» **Problem to solve**: Everything in the entries below must be output exactly, apart from the pictures.

» **Materials provided**:
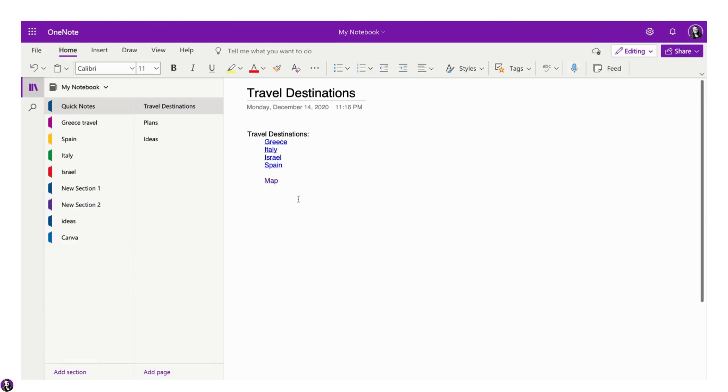And now your text is hyperlinked. We hope this video helps as you add hyperlinks to your OneNote.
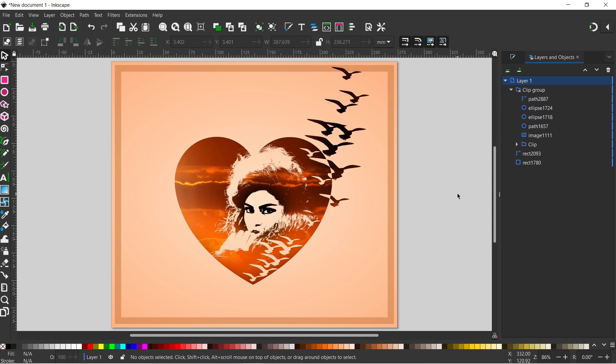Hello, welcome to another video on Inkscape. In this video I'm going to be showing you how you can create this heart design. Stick with us.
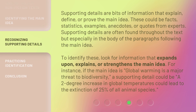Supporting details are bits of information that explain, define, or prove the main idea. These could be facts, statistics, examples, anecdotes, or quotes from experts. Supporting details are often found throughout the text, but especially in the body of the paragraphs following the main idea. To identify these, look for information that expands upon, explains, or strengthens the main idea. For instance, if the main idea is 'global warming is a major threat to biodiversity,' a supporting detail could be: 'a two-degree increase in global temperatures could lead to the extinction of 25% of all animal species.'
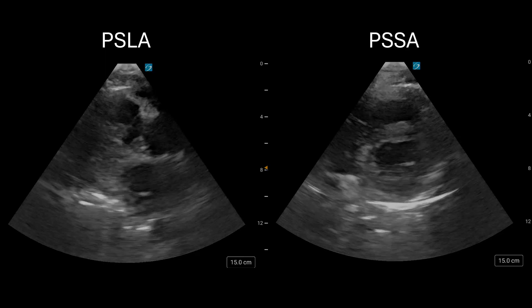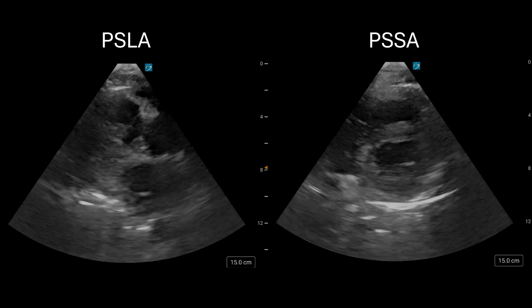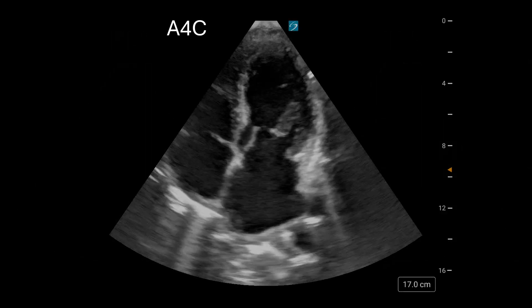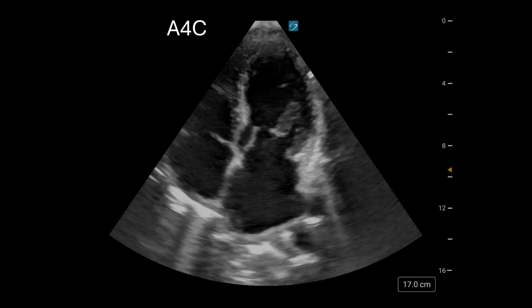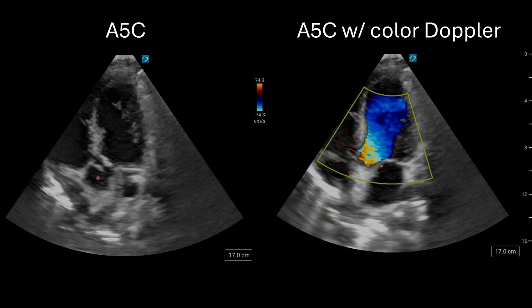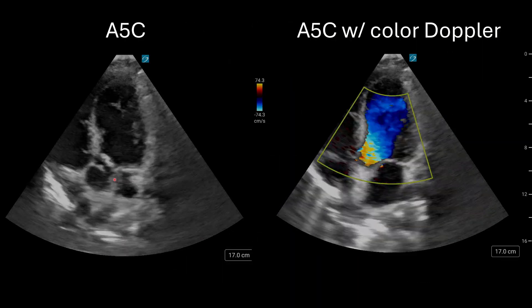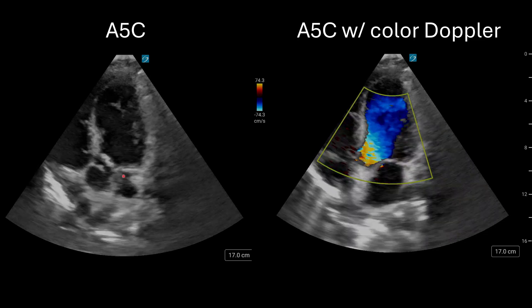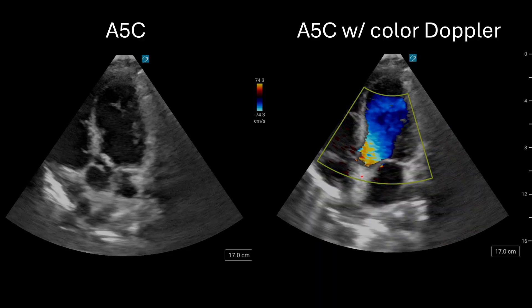Look at her echo. The parasternal long and parasternal short axis look fairly normal at first — normal ejection fraction, no pericardial effusion, and no right heart strain. Now look at the apical 4-chamber view — still looks fairly normal. But if I tilt my transducer to obtain an apical 5-chamber view and look at the aortic valve, notice that the aortic valve leaflets are not coaptating or coming together. This is a big problem.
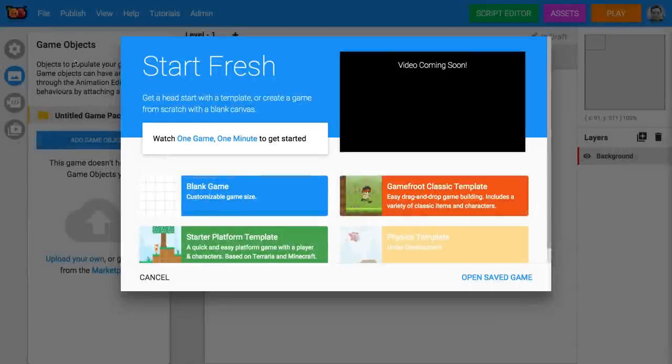Hey there, welcome to Gamefruit. I'm going to show you how to make a platform game in just five minutes.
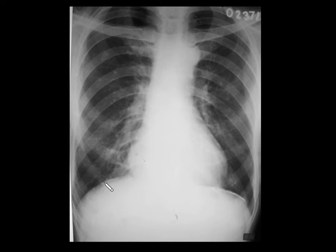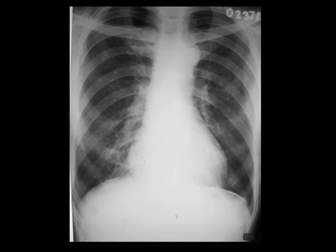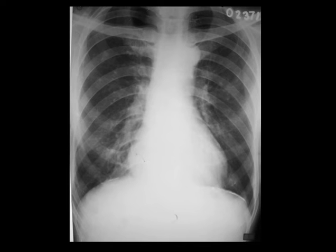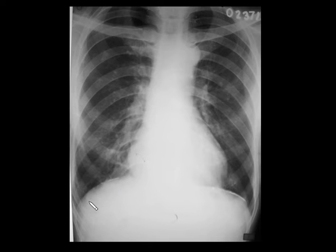Coming to the next spotter, you can see bilateral pleural calcifications. These are calcified pleural plaques from asbestos exposure, typically with sparing of the costophrenic angles. Other causes include hemothorax, infections like pyothorax and empyema, tubercular pleuritis, previous surgeries, and radiation therapy. Symmetrical bilateral pleural calcifications with sparing of the costophrenic angles — remember asbestosis.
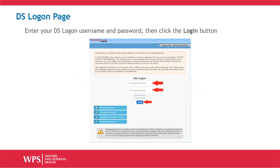Please note, the DS Logon and the My Access pages are operated by the Defense Manpower Data Center. WPS-MVH does not control or operate the DS Logon and their pages, nor can we assist with DS Logon access. For DS Logon assistance or for more information regarding the DS Logon system, please use their Frequently Asked Questions button or call the DMDC at 800-477-8227.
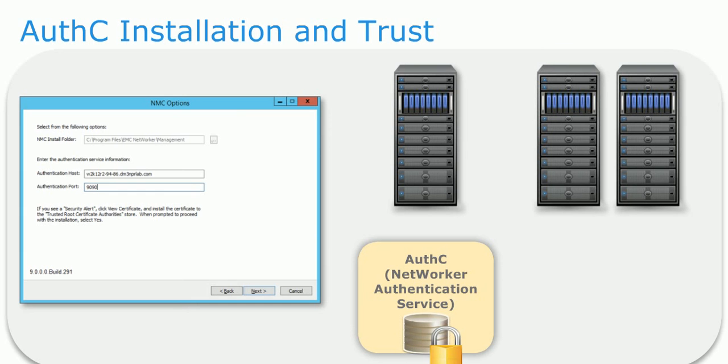During the installation wizard for an NMC, authentication service information should be entered, such as the authentication host and port.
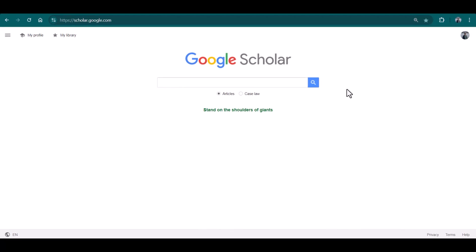Hello everyone, welcome to my channel Research and Analysis. This is Dr. Kamran. In this video, I'm going to discuss how to create alerts on Google Scholar. Normally there are two kinds of alerts that we use: the first is about a specific profile, and the second is about some keywords. For instance, we are working on green HRM.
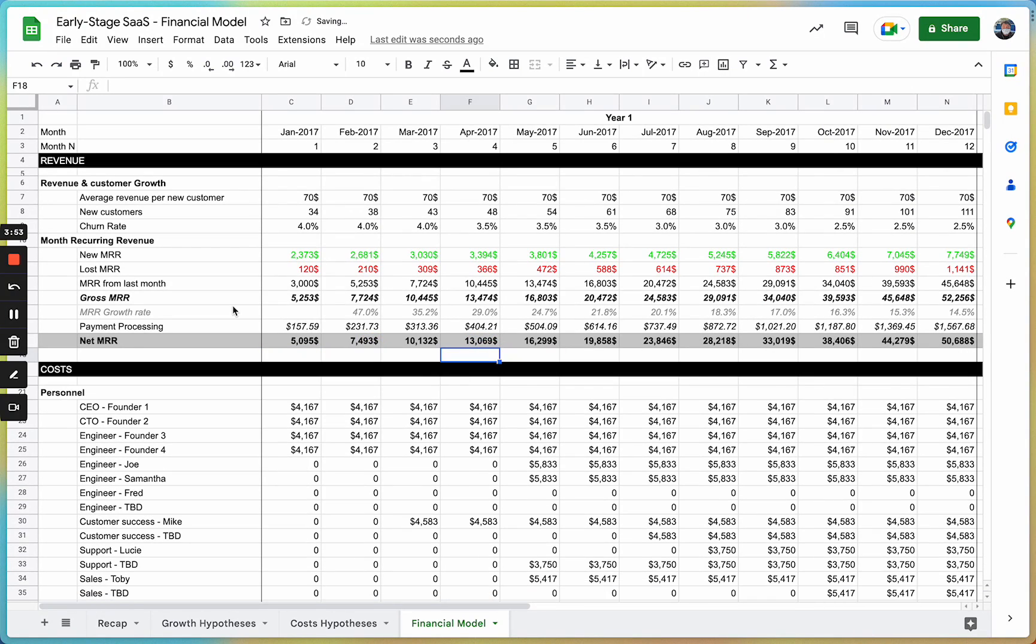This was a quick overview of GPT Sheets. Please feel free to sign up. There's a free trial, and if you have any feedback, don't hesitate to reach out. Thank you.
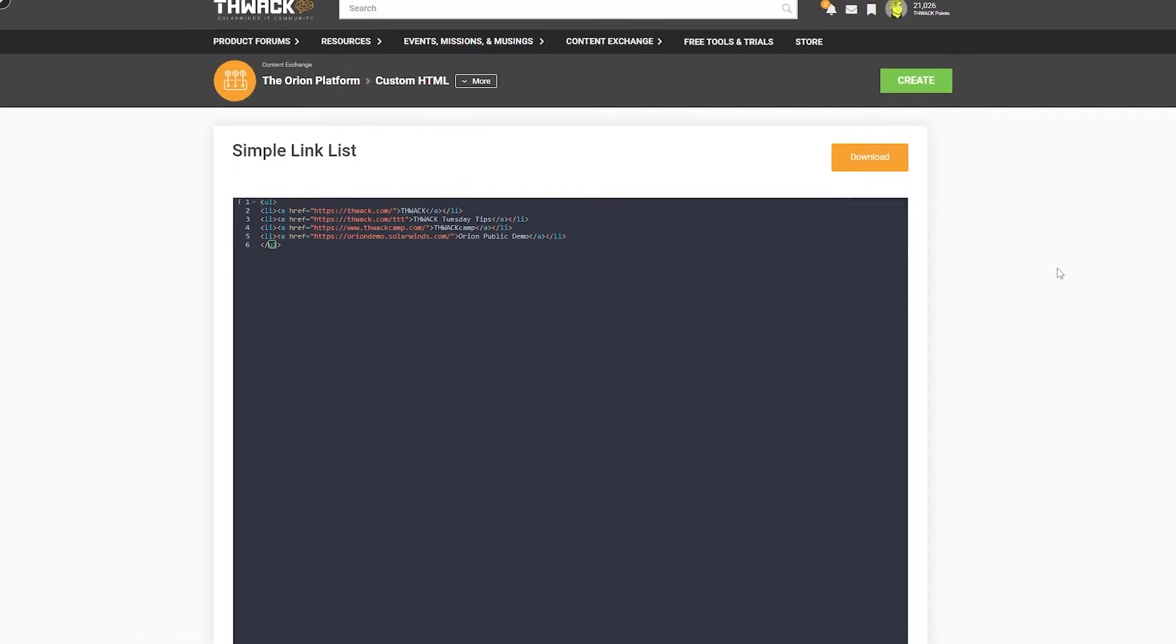And there you go. Your custom HTML is now available for anyone else within Orion Platform to download and use on their site. The example I shared was incredibly simple, but people have shared significantly more complex ones out there. And what's nice about that is you having access to that code lets you look into it and see maybe you need to tweak it for your environment.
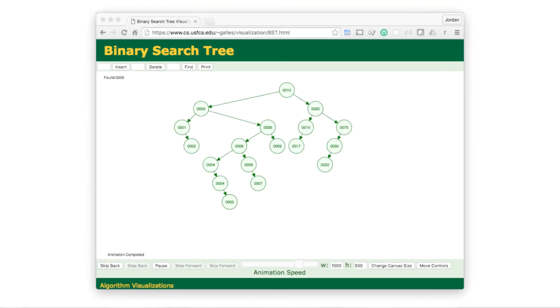A binary search tree is a data structure that allows a program to quickly search through a data set to find a value. It has three key rules associated with it, including each node has the ability to have at most two child nodes, which is where it gets the name binary, meaning two.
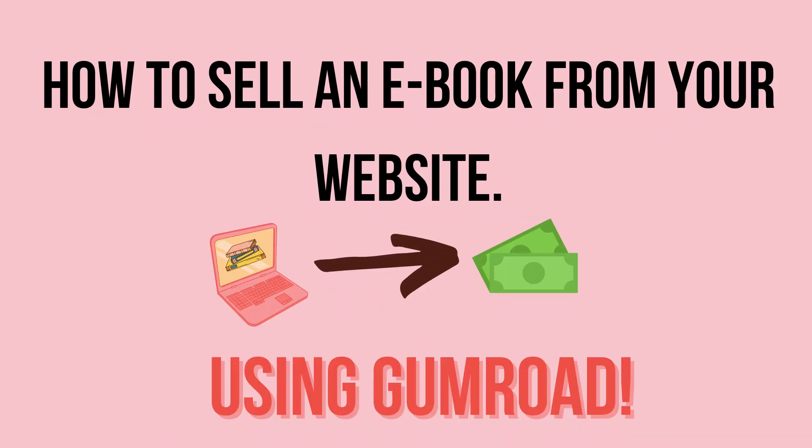If you enjoyed this video, here's some other videos for you to watch on how to create ebooks and sell them online.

» **Solution to the problem**:
And now your text is hyperlinked. We hope this video helps as you add hyperlinks to your OneNote.
Hello, welcome to another video on Inkscape. In this video I'm going to be showing you how you can create this heart design. Stick with us.
Supporting details are bits of information that explain, define, or prove the main idea. These could be facts, statistics, examples, anecdotes, or quotes from experts. Supporting details are often found throughout the text, but especially in the body of the paragraphs following the main idea. To identify these, look for information that expands upon, explains, or strengthens the main idea. For instance, if the main idea is 'global warming is a major threat to biodiversity,' a supporting detail could be: 'a two-degree increase in global temperatures could lead to the extinction of 25% of all animal species.'
Look at her echo. The parasternal long and parasternal short axis look fairly normal at first — normal ejection fraction, no pericardial effusion, and no right heart strain. Now look at the apical 4-chamber view — still looks fairly normal. But if I tilt my transducer to obtain an apical 5-chamber view and look at the aortic valve, notice that the aortic valve leaflets are not coaptating or coming together. This is a big problem.
Hey there, welcome to Gamefruit. I'm going to show you how to make a platform game in just five minutes.
Coming to the next spotter, you can see bilateral pleural calcifications. These are calcified pleural plaques from asbestos exposure, typically with sparing of the costophrenic angles. Other causes include hemothorax, infections like pyothorax and empyema, tubercular pleuritis, previous surgeries, and radiation therapy. Symmetrical bilateral pleural calcifications with sparing of the costophrenic angles — remember asbestosis.
Please note, the DS Logon and the My Access pages are operated by the Defense Manpower Data Center. WPS-MVH does not control or operate the DS Logon and their pages, nor can we assist with DS Logon access. For DS Logon assistance or for more information regarding the DS Logon system, please use their Frequently Asked Questions button or call the DMDC at 800-477-8227.
During the installation wizard for an NMC, authentication service information should be entered, such as the authentication host and port.
Hello everyone, welcome to my channel Research and Analysis. This is Dr. Kamran. In this video, I'm going to discuss how to create alerts on Google Scholar. Normally there are two kinds of alerts that we use: the first is about a specific profile, and the second is about some keywords. For instance, we are working on green HRM.
This was a quick overview of GPT Sheets. Please feel free to sign up. There's a free trial, and if you have any feedback, don't hesitate to reach out. Thank you.
And there you go. Your custom HTML is now available for anyone else within Orion Platform to download and use on their site. The example I shared was incredibly simple, but people have shared significantly more complex ones out there. And what's nice about that is you having access to that code lets you look into it and see maybe you need to tweak it for your environment.
A binary search tree is a data structure that allows a program to quickly search through a data set to find a value. It has three key rules associated with it, including each node has the ability to have at most two child nodes, which is where it gets the name binary, meaning two.
If you enjoyed this video, here's some other videos for you to watch on how to create ebooks and sell them online.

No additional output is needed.